A member present a situation to which I need input.
Assume a scenario with 40 Ballard lights along a walkway each light drawing 45 watts,
It's 800 ft from panel to the 1st light and 800 additional feet the last light.
How do you address voltage drop ??
Short answer: for a 2-wire circuit, only one wire sized used the entire length, and all loads the same, just average the distances from the source to the fixtures, and then pretend all 40 fixtures are at that average distance.
Long answer below.
Cheers, Wayne
You haven't specified the wiring configuration so I'll assume a single 2-wire circuit. Using a 3-wire (split phase, L-N loads, or 3 phase, L-L loads) or 4-wire (3 phase, L-N loads) is an interesting but more complicated version of the problem.
You can, as has been suggested, always just divide the circuit in individual lengths where the current is constant and then calculate the voltage drop on each piece separately.
For the case where only a single wire size is used throughout, you can simplify that into one calculation in a couple different ways. Since the fixtures are all the same, the simplest is probably just to add up the distance from the source to each fixture and apply the voltage drop formula for a single fixture at that combined distance. [If each fixture current were different, then you could still just add up for every fixture its current times its distance from the source, and use that sum as I * D in your voltage drop formula.]

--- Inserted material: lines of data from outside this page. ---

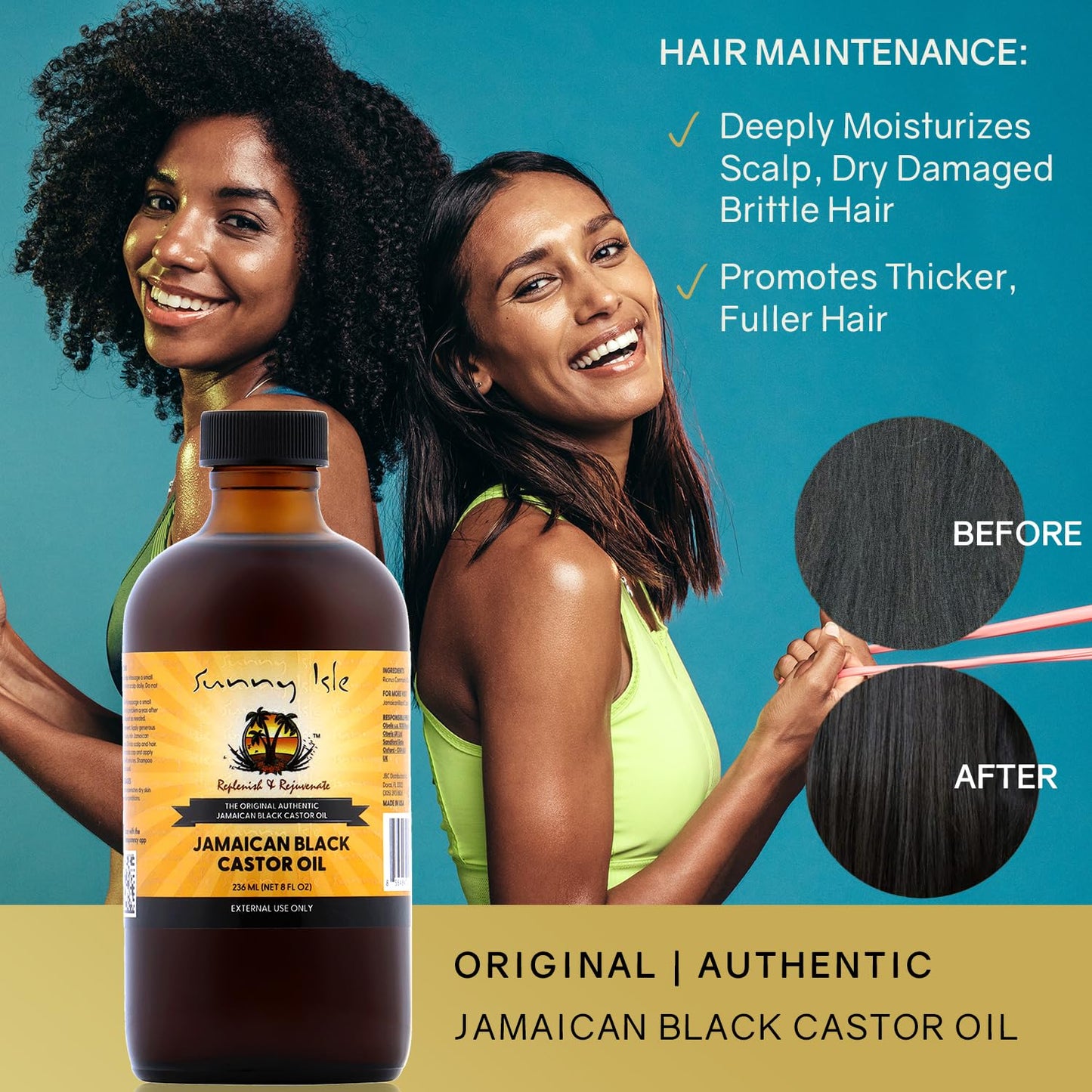 Sunny Isle Jamaican Black Castor Oil 8oz | 100% Natural Treatment for Hair, Scalp and Skin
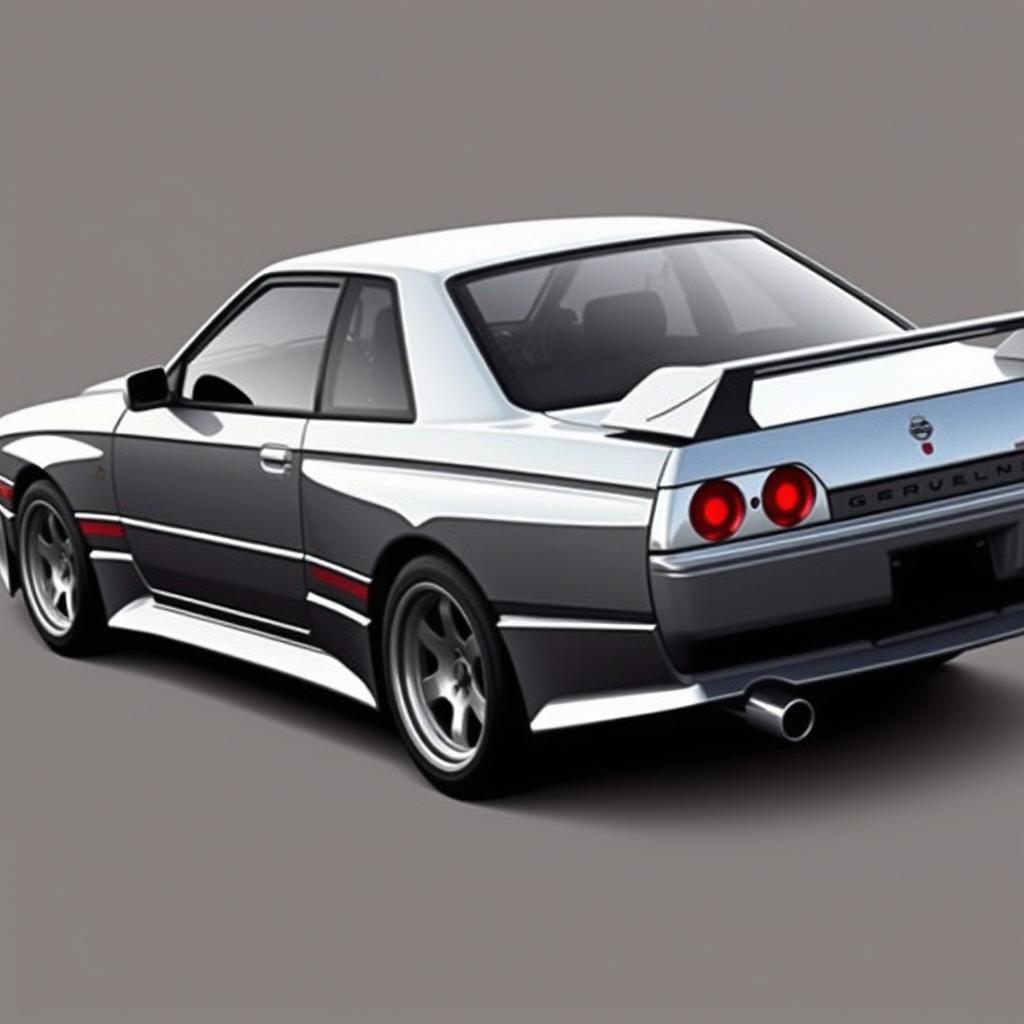A 1989 Nissan Skyline GT-R R32 depicted in a more aggressive and modern style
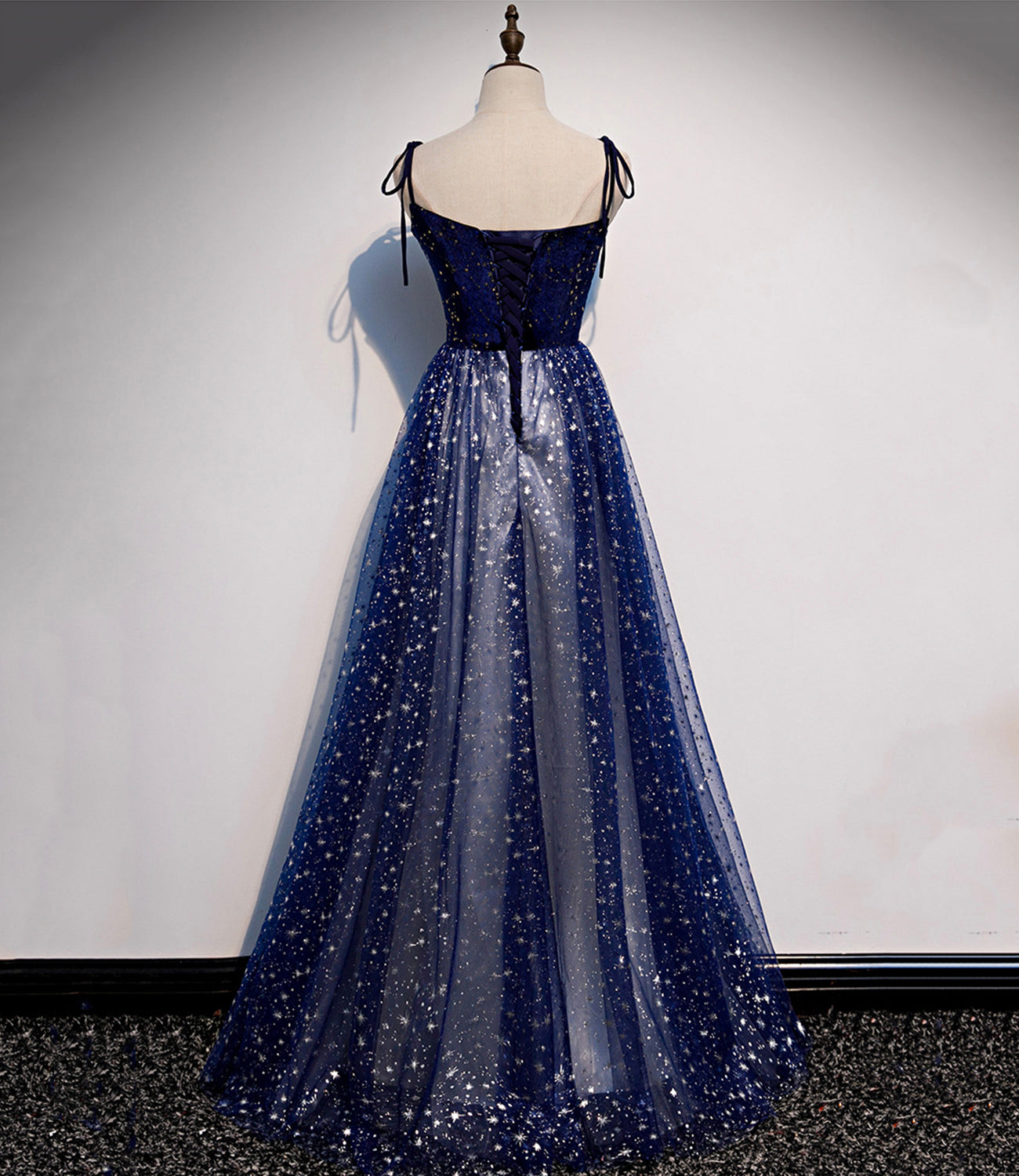 Langes Ballkleid aus blauem Samt-Tüll Abendkleid in A-Linie 10515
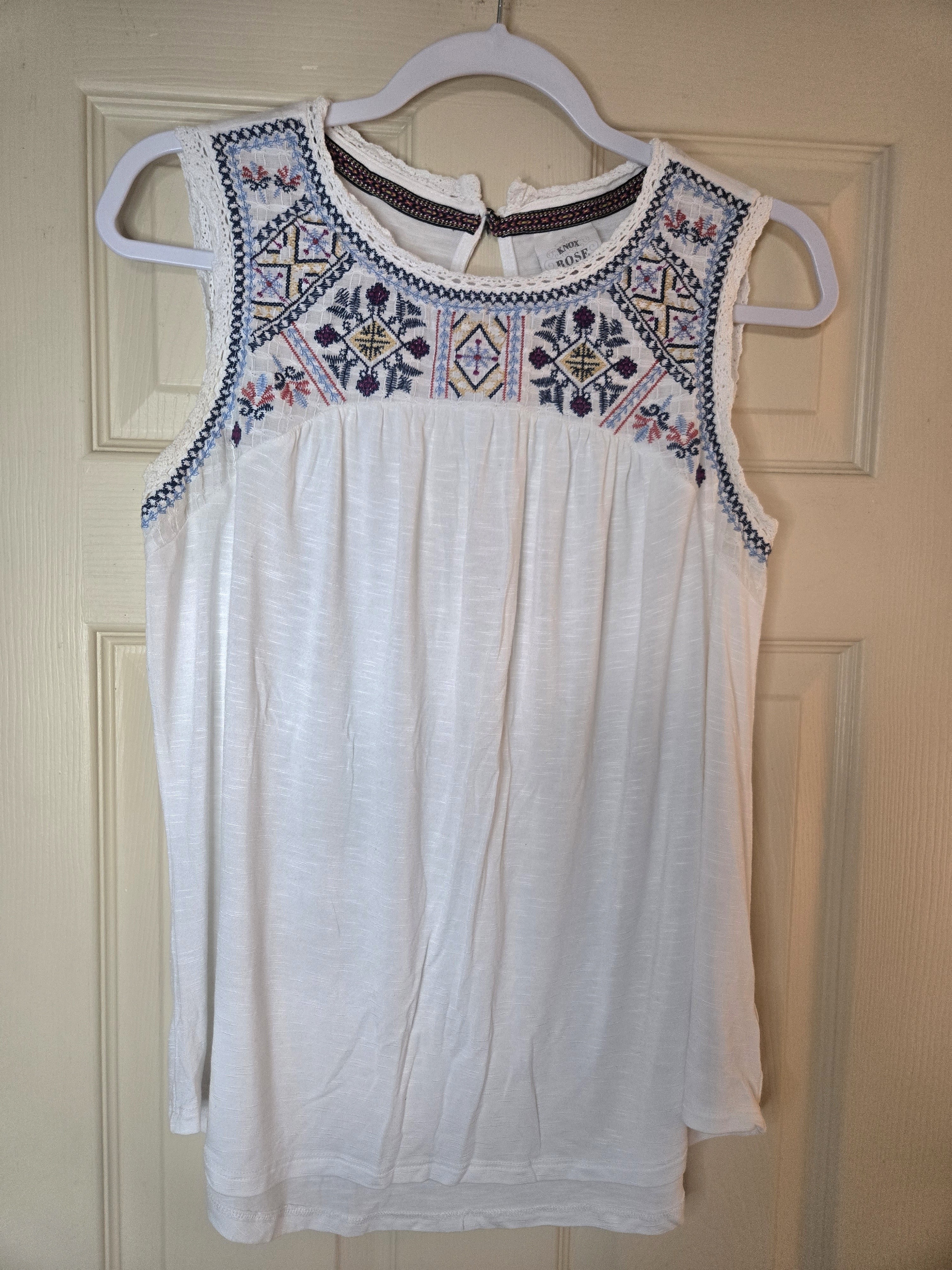 Knox Rose White Sleeveless Tank With Multicolor Embroidered Yoke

If your fixtures equally spaced, the sum of the distances is just the average distance times the number of fixtures. So 40 fixtures * (800' + 1600') / 2 = 40 fixtures * 1200' = 48,000 fixture-feet. That would mean you can do one voltage drop calculation with the using formula, using a single 45W fixture at 48,000' of 1-way circuit length. Equivalently (40) 45W fixtures all at the average distance away, or 1,200', if that point of view is more appealing.